*WHAT TO WORK ON*:
Please say how many lines in the entries below hold the string "tide", with no other words.

*TASK INPUTS*:
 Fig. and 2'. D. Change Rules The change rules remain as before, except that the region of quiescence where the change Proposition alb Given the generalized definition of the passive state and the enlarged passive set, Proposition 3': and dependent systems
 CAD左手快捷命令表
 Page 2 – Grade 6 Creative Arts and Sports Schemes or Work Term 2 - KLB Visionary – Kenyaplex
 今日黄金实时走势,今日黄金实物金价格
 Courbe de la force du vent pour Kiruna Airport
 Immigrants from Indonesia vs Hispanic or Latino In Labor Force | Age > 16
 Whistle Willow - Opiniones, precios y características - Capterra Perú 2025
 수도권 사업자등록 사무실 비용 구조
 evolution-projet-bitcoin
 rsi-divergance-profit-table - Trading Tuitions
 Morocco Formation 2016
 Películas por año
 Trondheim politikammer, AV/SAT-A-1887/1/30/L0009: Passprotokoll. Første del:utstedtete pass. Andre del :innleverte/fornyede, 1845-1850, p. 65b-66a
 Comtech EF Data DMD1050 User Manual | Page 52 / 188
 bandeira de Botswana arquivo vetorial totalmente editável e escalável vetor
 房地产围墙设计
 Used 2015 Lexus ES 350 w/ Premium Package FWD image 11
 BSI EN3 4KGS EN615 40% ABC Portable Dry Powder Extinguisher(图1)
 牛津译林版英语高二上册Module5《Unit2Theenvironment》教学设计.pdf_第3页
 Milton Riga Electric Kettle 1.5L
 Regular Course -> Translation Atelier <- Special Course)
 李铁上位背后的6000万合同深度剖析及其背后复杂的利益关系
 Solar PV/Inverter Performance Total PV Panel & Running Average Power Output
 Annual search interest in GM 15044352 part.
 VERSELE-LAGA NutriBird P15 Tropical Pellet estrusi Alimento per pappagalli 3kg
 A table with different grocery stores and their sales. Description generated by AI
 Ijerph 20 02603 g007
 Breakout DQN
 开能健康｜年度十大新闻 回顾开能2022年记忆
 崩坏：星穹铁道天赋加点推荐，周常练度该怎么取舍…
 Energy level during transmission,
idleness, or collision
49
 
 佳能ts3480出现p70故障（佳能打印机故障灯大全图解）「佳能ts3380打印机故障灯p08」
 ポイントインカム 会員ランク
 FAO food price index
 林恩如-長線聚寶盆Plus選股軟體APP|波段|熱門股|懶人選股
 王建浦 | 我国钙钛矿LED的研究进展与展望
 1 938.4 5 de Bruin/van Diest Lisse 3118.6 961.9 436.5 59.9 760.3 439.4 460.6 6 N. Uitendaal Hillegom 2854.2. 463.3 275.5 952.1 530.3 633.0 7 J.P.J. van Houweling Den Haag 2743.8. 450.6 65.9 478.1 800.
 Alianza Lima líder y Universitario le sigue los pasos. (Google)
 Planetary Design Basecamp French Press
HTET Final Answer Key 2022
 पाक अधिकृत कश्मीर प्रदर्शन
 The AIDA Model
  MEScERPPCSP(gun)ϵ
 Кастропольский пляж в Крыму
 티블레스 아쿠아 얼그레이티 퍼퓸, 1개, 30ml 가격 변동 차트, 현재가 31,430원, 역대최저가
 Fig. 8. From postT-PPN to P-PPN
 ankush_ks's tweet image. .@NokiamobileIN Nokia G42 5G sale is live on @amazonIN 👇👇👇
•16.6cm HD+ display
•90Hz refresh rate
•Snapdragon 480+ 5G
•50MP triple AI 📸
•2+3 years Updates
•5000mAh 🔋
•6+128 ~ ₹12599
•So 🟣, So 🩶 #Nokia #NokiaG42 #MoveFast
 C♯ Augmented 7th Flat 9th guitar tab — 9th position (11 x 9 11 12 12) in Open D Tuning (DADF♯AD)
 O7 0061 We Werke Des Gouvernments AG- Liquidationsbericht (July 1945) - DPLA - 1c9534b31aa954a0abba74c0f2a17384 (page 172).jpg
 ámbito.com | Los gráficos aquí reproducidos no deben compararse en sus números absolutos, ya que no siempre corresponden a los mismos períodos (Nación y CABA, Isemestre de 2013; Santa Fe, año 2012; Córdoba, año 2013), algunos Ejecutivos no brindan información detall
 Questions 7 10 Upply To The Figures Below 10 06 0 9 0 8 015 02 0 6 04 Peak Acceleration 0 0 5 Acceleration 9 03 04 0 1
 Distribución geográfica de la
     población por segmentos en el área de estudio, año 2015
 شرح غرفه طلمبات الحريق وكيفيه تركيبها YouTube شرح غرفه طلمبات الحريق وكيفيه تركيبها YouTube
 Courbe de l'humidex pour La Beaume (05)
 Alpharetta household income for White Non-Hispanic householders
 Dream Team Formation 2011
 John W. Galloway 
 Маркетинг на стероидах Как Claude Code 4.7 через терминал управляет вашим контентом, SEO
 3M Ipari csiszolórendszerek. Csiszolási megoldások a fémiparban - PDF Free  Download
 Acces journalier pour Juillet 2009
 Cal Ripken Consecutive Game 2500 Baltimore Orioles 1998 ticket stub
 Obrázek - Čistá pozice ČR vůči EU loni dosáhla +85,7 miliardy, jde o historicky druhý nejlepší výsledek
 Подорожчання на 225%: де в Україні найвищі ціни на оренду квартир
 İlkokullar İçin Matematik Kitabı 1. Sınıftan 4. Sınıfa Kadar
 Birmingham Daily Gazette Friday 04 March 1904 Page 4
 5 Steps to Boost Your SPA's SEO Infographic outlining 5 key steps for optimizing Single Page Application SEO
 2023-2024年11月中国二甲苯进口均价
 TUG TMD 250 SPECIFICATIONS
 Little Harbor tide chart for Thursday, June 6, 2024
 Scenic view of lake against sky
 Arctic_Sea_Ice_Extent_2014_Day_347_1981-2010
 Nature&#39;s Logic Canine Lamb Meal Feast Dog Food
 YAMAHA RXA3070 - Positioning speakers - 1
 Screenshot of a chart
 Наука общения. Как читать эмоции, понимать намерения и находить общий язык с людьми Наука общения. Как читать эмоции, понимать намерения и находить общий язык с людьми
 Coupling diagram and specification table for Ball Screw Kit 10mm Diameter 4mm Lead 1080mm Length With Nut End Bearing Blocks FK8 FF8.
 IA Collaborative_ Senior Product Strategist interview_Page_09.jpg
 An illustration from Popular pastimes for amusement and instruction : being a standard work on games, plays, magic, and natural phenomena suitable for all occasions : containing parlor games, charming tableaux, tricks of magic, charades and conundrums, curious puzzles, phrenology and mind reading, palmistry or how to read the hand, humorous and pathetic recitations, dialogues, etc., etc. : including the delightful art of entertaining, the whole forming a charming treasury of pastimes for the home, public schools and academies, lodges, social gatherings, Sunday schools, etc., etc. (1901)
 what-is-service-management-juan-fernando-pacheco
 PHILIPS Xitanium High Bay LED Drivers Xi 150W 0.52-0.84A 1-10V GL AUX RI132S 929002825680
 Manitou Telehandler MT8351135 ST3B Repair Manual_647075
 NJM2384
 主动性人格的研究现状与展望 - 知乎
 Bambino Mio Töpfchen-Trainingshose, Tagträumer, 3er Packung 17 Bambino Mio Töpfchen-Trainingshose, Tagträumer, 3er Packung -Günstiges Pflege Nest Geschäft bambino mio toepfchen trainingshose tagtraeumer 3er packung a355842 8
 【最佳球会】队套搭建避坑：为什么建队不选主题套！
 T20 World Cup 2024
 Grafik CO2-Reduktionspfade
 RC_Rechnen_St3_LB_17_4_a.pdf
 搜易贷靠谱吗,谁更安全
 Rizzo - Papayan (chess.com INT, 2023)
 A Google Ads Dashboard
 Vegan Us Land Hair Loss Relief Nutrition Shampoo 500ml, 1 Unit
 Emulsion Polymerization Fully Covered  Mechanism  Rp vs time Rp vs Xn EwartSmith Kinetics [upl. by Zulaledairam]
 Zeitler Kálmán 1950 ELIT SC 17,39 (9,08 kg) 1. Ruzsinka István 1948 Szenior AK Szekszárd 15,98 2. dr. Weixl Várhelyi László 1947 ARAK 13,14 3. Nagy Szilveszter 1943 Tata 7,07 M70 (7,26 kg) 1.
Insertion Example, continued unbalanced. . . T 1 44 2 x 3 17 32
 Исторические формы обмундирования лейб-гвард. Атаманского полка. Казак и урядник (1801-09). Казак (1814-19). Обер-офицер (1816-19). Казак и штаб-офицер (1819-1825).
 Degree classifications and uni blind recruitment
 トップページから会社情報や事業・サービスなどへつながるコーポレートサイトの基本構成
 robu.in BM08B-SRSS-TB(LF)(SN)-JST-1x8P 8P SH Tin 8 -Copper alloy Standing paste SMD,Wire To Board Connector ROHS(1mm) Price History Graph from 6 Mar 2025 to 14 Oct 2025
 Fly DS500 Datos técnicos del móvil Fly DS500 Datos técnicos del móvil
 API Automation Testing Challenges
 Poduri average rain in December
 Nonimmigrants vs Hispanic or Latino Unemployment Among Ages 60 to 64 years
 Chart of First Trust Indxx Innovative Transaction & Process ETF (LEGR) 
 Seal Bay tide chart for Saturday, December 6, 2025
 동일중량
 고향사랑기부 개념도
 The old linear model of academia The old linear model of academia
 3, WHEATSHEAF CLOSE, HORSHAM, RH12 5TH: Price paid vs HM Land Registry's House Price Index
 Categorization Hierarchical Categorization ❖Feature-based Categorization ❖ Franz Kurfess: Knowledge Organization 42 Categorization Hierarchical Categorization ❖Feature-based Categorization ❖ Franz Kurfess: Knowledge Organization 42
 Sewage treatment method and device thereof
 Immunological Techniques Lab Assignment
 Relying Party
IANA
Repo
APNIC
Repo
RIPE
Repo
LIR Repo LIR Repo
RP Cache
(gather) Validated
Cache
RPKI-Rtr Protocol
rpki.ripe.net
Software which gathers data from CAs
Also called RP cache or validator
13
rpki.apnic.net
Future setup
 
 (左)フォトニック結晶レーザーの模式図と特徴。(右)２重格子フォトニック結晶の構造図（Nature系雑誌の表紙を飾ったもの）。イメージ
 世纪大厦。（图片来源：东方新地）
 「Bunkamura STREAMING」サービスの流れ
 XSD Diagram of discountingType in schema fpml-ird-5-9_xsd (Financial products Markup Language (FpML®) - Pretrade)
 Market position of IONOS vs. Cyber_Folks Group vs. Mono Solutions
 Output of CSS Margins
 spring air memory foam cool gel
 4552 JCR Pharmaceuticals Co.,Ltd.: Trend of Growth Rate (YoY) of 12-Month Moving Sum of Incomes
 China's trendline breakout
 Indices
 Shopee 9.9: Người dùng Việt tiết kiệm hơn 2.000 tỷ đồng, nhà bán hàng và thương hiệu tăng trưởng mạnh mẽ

*TASK RESULT*:
2